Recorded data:
□ □ □ □ □

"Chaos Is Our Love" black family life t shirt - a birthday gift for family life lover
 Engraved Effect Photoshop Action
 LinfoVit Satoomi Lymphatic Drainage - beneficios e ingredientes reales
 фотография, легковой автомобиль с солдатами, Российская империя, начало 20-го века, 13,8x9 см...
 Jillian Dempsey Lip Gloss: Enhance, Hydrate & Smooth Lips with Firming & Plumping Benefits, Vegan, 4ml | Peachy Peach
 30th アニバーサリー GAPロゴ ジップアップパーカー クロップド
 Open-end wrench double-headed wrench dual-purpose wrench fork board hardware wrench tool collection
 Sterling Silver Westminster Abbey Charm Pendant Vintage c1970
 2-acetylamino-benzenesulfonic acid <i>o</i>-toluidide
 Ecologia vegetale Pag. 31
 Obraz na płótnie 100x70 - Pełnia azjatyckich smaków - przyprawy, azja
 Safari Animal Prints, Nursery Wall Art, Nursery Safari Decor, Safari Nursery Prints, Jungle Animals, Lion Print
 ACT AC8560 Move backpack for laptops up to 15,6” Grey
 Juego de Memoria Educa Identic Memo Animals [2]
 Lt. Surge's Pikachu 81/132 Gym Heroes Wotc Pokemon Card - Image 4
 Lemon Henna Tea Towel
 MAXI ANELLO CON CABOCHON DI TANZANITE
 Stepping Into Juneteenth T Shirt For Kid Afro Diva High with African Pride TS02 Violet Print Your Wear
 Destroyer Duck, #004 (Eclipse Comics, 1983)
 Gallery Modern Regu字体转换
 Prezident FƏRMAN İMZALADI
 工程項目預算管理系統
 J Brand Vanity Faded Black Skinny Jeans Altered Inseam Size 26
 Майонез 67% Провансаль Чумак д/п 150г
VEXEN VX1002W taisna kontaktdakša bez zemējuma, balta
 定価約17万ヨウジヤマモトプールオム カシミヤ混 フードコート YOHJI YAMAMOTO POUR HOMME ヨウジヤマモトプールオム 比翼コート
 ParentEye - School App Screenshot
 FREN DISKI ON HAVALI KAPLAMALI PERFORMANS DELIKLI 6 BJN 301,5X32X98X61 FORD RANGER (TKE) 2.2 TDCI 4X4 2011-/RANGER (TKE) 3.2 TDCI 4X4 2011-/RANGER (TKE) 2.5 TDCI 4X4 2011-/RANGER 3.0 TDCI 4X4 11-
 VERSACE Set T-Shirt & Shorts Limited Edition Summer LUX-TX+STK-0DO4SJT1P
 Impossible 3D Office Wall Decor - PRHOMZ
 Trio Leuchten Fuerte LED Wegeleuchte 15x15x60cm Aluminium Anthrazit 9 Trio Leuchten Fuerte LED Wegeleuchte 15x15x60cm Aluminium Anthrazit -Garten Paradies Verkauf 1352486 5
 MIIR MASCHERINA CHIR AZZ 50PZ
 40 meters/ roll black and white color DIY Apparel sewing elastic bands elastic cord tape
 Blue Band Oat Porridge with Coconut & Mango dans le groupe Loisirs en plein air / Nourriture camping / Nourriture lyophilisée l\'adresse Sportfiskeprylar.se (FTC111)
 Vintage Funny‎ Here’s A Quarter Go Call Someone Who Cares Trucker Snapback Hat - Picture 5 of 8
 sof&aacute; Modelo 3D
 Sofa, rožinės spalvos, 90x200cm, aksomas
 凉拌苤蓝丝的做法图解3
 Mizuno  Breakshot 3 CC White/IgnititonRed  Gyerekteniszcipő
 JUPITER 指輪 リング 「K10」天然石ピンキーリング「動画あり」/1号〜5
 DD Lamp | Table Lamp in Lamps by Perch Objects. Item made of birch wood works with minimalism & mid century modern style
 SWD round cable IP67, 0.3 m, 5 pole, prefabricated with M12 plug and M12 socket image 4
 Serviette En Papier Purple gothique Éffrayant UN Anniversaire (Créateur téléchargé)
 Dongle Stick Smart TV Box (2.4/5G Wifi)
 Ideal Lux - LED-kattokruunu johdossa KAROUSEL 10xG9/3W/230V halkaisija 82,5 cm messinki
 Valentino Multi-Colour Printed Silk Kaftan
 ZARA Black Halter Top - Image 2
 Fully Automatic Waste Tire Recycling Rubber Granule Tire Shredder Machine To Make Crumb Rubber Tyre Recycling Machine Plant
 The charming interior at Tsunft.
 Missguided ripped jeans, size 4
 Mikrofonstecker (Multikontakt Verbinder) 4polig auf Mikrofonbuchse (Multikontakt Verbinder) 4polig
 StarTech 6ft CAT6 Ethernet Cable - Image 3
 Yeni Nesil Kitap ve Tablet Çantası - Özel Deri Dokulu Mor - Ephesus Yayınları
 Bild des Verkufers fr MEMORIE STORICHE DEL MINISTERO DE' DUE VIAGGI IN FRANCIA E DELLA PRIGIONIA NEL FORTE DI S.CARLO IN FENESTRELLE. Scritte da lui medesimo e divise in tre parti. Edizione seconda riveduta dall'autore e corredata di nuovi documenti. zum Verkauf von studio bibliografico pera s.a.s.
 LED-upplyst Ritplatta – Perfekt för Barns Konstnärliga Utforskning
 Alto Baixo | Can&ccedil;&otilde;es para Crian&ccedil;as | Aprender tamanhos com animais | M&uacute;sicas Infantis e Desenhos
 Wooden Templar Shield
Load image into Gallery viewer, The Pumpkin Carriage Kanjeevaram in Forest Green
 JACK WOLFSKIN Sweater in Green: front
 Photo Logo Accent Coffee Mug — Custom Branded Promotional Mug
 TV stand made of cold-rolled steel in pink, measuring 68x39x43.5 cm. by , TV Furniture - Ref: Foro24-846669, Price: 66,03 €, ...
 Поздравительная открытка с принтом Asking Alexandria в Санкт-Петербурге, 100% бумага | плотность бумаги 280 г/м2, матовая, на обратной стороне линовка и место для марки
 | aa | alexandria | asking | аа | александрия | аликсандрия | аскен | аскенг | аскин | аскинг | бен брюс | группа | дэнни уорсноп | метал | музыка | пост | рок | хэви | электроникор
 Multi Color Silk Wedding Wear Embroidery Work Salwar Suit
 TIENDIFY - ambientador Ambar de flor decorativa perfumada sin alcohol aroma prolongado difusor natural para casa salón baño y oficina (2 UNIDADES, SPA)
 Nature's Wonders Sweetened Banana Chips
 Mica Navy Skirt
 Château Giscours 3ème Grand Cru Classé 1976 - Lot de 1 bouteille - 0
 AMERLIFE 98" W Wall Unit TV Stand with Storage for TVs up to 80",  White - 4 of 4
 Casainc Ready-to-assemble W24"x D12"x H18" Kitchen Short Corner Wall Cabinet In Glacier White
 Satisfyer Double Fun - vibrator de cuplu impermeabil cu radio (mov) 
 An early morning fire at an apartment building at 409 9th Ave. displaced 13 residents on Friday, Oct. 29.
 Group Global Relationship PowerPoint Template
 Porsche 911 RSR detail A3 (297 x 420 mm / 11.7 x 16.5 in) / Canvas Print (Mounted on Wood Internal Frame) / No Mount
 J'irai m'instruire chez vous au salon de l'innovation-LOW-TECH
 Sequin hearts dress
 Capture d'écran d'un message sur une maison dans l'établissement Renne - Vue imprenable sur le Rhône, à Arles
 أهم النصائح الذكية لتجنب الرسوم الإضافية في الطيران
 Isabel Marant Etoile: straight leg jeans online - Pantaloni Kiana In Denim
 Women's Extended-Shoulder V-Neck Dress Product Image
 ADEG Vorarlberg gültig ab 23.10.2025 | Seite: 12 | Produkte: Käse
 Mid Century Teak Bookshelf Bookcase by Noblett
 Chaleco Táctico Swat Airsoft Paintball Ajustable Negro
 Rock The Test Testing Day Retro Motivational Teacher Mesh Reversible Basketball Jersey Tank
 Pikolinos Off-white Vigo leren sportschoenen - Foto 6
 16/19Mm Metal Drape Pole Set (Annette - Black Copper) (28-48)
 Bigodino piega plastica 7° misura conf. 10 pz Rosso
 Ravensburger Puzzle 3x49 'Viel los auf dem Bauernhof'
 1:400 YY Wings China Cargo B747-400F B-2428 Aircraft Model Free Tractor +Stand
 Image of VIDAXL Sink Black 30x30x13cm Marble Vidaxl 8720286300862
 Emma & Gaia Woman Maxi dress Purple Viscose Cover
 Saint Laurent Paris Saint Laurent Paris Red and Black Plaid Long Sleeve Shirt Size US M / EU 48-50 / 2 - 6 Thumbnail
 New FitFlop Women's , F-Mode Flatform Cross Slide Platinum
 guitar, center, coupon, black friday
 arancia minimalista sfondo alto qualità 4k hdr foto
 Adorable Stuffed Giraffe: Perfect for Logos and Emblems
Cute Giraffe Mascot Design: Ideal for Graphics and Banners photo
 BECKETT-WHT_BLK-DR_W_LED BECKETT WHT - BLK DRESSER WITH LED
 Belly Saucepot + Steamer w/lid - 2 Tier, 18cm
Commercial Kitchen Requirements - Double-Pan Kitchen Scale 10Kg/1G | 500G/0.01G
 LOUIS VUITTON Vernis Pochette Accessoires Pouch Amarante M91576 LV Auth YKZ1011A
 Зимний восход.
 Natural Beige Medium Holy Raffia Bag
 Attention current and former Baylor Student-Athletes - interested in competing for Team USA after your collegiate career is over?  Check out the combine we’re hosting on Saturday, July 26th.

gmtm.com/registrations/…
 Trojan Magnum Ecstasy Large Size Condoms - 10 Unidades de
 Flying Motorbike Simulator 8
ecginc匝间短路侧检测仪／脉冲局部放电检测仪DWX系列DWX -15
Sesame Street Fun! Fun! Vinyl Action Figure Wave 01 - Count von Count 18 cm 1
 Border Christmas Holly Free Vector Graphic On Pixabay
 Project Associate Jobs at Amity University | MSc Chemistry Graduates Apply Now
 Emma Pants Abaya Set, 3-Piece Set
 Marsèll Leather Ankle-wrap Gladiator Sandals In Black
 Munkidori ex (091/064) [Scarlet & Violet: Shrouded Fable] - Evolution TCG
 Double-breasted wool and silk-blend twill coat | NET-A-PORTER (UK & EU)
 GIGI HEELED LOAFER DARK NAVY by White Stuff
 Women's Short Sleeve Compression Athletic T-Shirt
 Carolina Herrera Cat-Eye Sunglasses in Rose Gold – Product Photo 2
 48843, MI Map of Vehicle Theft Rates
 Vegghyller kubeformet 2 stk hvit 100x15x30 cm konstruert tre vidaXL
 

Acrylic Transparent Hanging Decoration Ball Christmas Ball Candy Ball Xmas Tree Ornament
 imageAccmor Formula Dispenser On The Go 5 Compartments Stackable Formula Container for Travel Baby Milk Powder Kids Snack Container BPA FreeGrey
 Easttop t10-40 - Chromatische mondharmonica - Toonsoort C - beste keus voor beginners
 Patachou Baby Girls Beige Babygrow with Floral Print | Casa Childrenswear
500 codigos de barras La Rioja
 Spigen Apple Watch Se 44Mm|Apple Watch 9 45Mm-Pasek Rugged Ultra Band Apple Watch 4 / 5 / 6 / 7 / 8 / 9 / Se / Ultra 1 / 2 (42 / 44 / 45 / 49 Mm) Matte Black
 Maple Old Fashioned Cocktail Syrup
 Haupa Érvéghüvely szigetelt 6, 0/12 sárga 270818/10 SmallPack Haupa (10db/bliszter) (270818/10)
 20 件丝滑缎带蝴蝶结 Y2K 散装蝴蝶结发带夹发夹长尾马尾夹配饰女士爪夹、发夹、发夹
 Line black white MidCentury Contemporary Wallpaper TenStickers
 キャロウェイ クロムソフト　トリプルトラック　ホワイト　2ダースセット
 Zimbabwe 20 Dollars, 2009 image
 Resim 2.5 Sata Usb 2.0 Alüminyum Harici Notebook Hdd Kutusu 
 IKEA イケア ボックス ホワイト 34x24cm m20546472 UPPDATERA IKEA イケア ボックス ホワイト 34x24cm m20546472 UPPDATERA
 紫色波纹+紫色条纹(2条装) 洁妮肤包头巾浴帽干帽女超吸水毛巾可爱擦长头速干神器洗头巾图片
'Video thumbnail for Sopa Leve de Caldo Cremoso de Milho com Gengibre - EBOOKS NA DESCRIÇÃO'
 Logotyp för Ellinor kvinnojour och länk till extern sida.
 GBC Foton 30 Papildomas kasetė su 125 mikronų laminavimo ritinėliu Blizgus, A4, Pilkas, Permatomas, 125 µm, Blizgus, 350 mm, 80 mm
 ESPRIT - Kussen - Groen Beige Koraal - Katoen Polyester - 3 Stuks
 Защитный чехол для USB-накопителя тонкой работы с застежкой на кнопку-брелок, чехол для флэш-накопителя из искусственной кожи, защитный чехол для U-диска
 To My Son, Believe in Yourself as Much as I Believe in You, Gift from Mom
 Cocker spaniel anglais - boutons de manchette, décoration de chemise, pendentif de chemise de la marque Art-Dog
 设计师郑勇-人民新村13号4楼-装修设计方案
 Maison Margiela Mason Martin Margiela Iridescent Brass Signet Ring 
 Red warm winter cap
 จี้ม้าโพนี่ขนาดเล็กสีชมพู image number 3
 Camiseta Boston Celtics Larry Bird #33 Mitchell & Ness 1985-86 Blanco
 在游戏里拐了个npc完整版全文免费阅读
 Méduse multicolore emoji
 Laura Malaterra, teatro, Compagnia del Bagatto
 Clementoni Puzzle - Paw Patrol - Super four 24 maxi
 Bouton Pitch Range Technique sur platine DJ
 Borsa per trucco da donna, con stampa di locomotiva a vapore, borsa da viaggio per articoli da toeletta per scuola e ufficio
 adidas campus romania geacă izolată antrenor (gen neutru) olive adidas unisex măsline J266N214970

□ □ □ □ □

Aim of the task: Would you reproduce, word for word, the lines from the one holding "จี้ม้าโพนี่ขนาดเล็กสีชมพู image number 3" through the final line of the entries, both included?

Answer to this task:
 จี้ม้าโพนี่ขนาดเล็กสีชมพู image number 3
 Camiseta Boston Celtics Larry Bird #33 Mitchell & Ness 1985-86 Blanco
 在游戏里拐了个npc完整版全文免费阅读
 Méduse multicolore emoji
 Laura Malaterra, teatro, Compagnia del Bagatto
 Clementoni Puzzle - Paw Patrol - Super four 24 maxi
 Bouton Pitch Range Technique sur platine DJ
 Borsa per trucco da donna, con stampa di locomotiva a vapore, borsa da viaggio per articoli da toeletta per scuola e ufficio
 adidas campus romania geacă izolată antrenor (gen neutru) olive adidas unisex măsline J266N214970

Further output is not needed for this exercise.